• The records
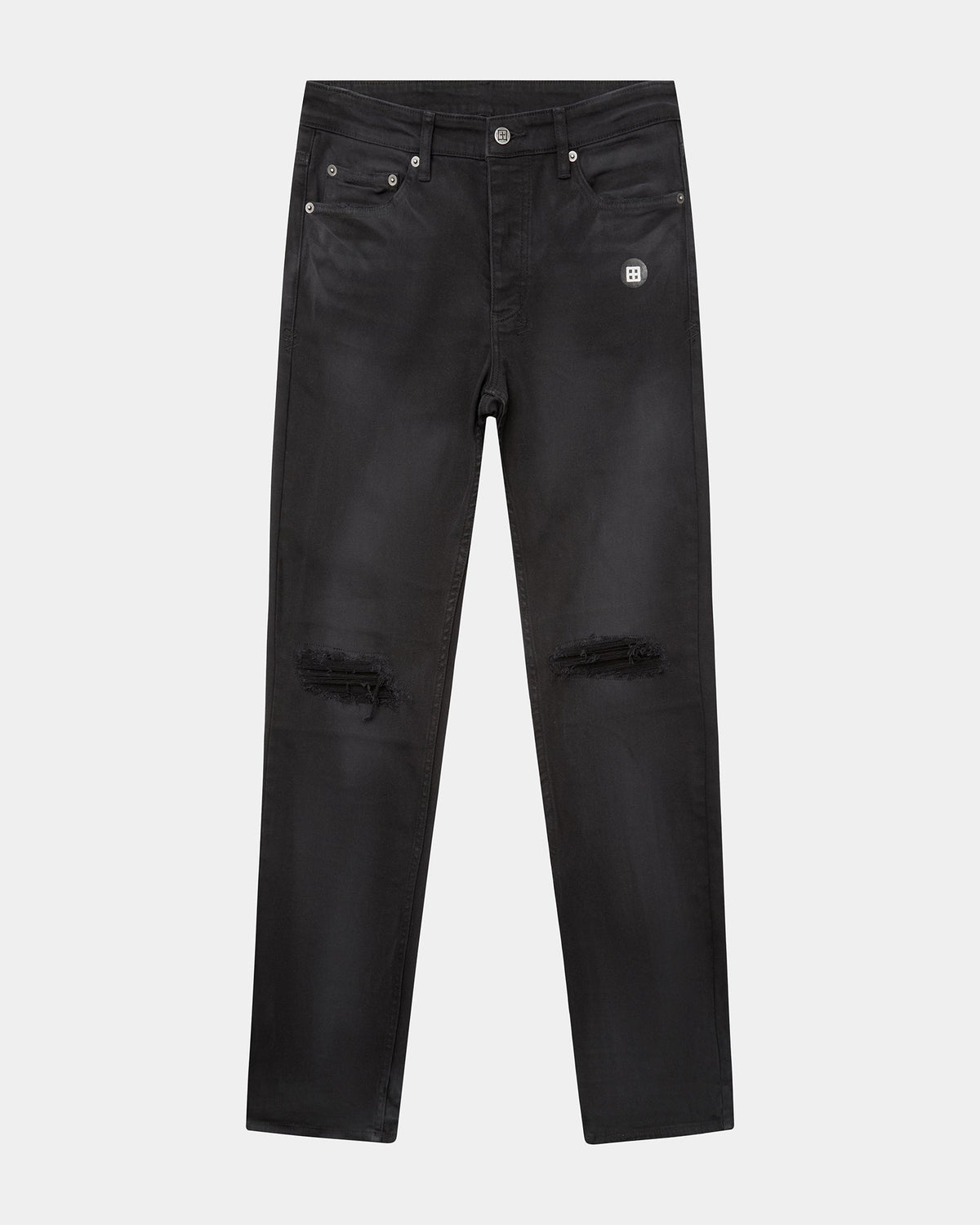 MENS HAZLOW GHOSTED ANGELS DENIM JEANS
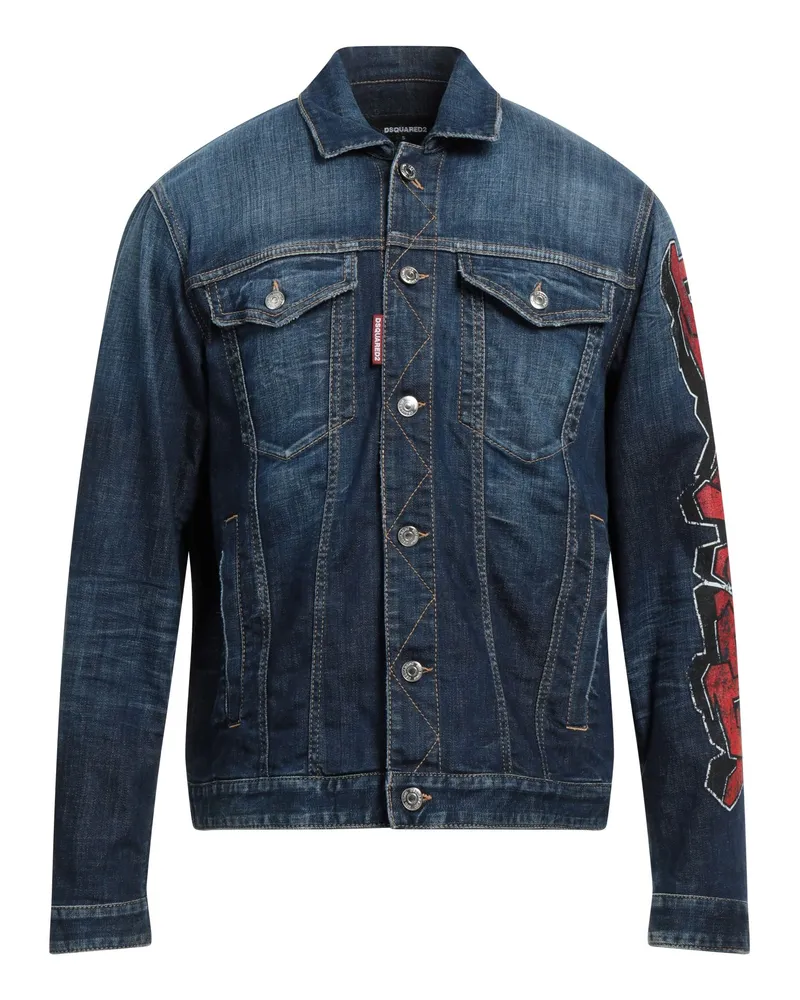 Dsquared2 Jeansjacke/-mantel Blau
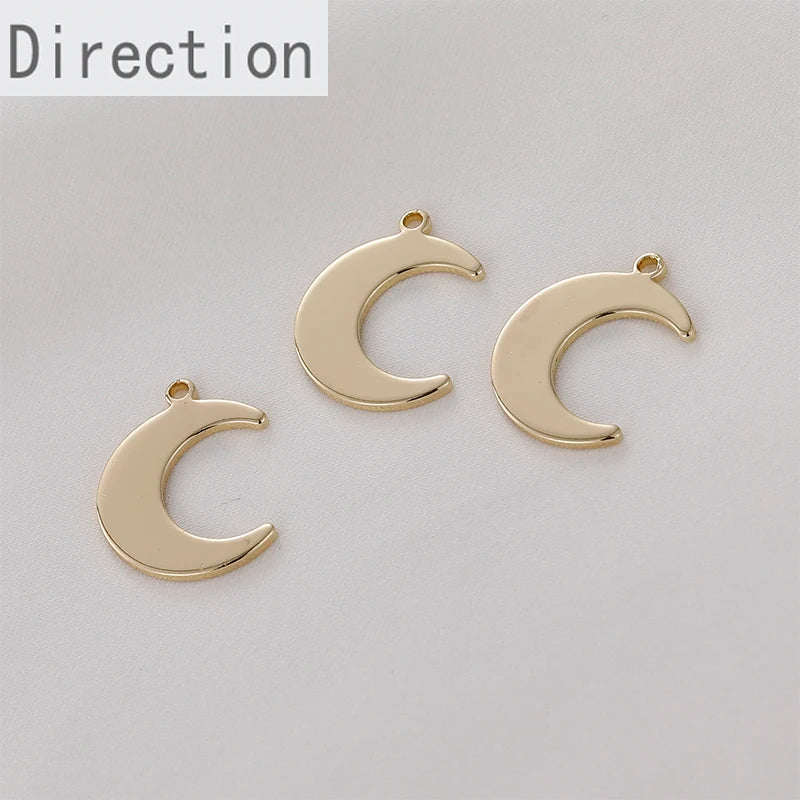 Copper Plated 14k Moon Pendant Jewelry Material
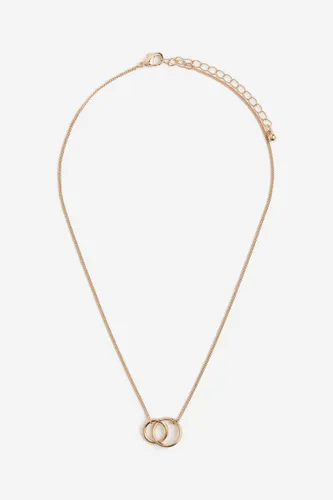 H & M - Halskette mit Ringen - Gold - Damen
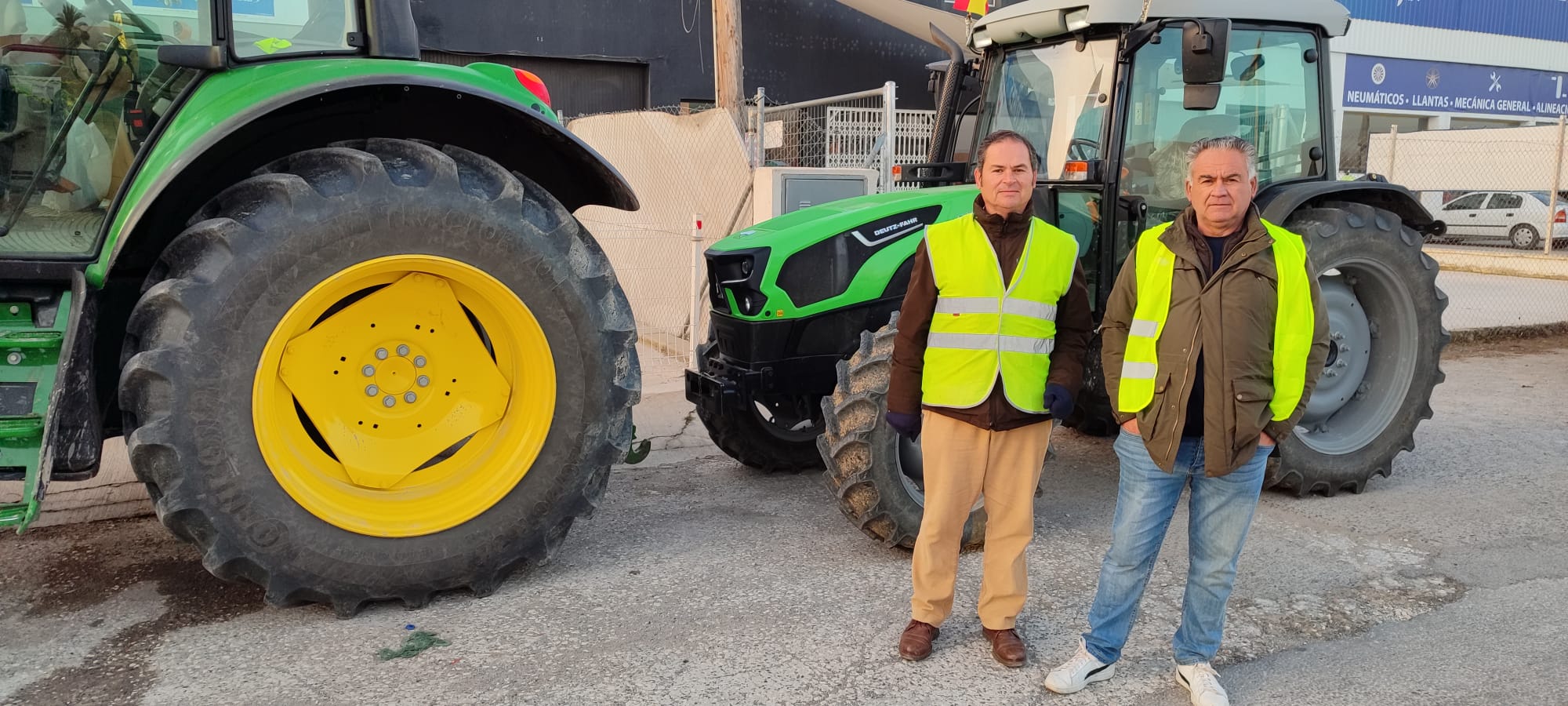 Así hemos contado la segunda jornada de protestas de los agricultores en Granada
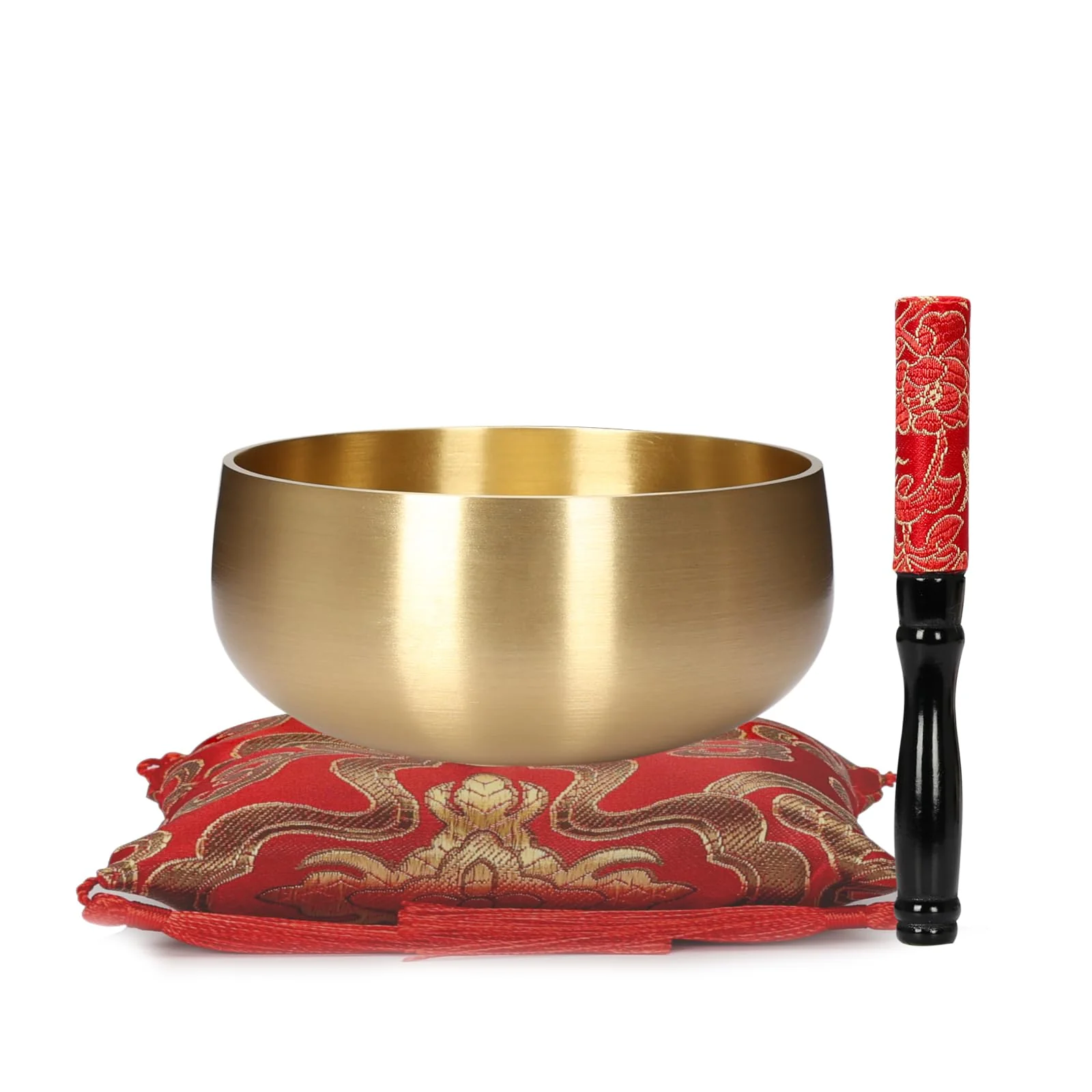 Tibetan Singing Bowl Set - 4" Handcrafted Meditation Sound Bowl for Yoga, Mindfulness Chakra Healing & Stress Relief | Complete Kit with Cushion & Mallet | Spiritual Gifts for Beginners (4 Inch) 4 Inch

• Problem to solve
What is needed is an exact copy of only the lines from the line containing "Copper Plated 14k" through the last line of the entries, inclusive, without the pictures.

• Solution to the exercise
 Copper Plated 14k Moon Pendant Jewelry Material
 H & M - Halskette mit Ringen - Gold - Damen
 Así hemos contado la segunda jornada de protestas de los agricultores en Granada
 Tibetan Singing Bowl Set - 4" Handcrafted Meditation Sound Bowl for Yoga, Mindfulness Chakra Healing & Stress Relief | Complete Kit with Cushion & Mallet | Spiritual Gifts for Beginners (4 Inch) 4 Inch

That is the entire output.